С этими словами он пошел прямо к Бёшену и выложил ему всё начистоту. Он сказал, что Блех зарится на добро и деньги Кнюссена. И что Кнюссен гораздо богаче, чем думают многие. И что он, Корнелиус, может стать зятем и наследником Кнюссена, потому что Анниккен любит его. Тут Корнелиус перевел дух. Он никак не решался заговорить о самом главном. Но мысль об Анниккен и Блеховом Клойсе развязала ему язык, и Корнелиус решительно заговорил о самых сокровенных тайнах семейства Бёшенов, о которых рассказала ему Анне Большая. Говорил он не называя имен, но не упуская ни малейшей подробности. Оказывается, он знал о том, что Бёшен в последнее время потерпел большие убытки на акциях.
Бёшен, выпучив глаза, откинулся на спинку стула. Губы его запрыгали. Он то и дело менялся в лице. Но Корнелиус намекнул, что Бёшен может получить заем на выгодных условиях и благодаря ему спастись от угрозы разорения, которая, словно дамоклов меч, висела над его домом.
Бёшен вскочил и хотел было накостылять наглецу шею. Но тут ему пришло в голову, что если Блеху удастся завладеть деньгами башмачника, то он наверняка уцелеет во время кризиса, который многих купцов скрутил в бараний рог. И к тому же заем… Правда, он сам много раз давал обещания, которые и не думал выполнять. Но всё-таки тут есть какой-то шанс. Да, но тогда придется предать Блеха… А какое ему дело до Блеха? Ведь он его, собственно говоря, терпеть не может. Бёшен взвешивал все «за» и «против», а Корнелиус меж тем стоял, отирая со лба холодный пот. Наконец Бёшен тихо проговорил: — Ступай к своему бывшему хозяину и скажи: пусть подождет с обручением, пока бриг «Альберт Блех» не вернется в Берген. Я говорил с Пине из Тронхейма на прошлой неделе. Он получил от своего шкипера важные вести, которые вот-вот должны окончательно подтвердиться. Это всё! Ступай, да не забудь своего обещания.

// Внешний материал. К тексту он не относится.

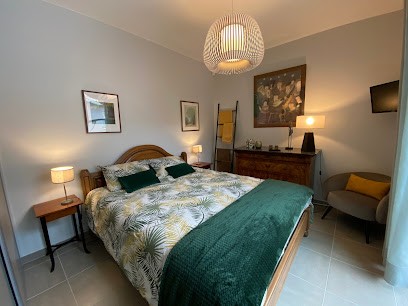 Sous Les Chênes Verts, Chambre d'Hôtes à Castries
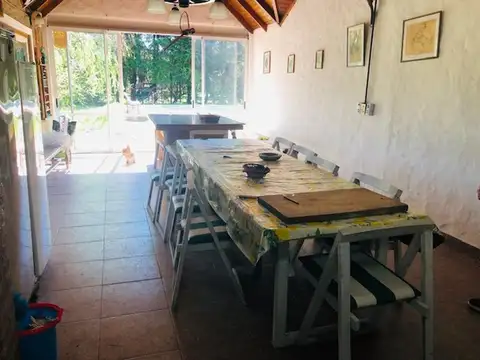 VENTA:  Casa quinta  de 4 amb. barrio los Ombues C/PILETA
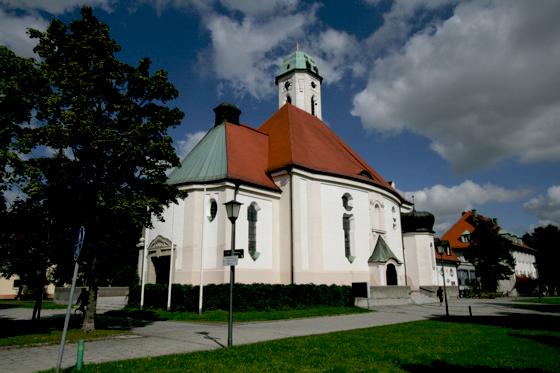 Die St. Georgskirche prägt das Milbertshofener Stadtbild.	Foto: Pfarrei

— Раз обещал — выполню! — ответил Корнелиус.
Корнелиус и Анниккен вместе вошли в комнату, где сидели башмачных дел мастер и его жена. Те разинули рты от удивления. Кнюссен вскочил и заорал:
— Хотел бы я знать, кого вышвырнули из этого дома, тебя или меня? Кого?..
Корнелиус поднял руку, но, видя, что заговорить ему не удастся, стукнул кулаком по столу так, что старинная суповая миска подпрыгнула кверху.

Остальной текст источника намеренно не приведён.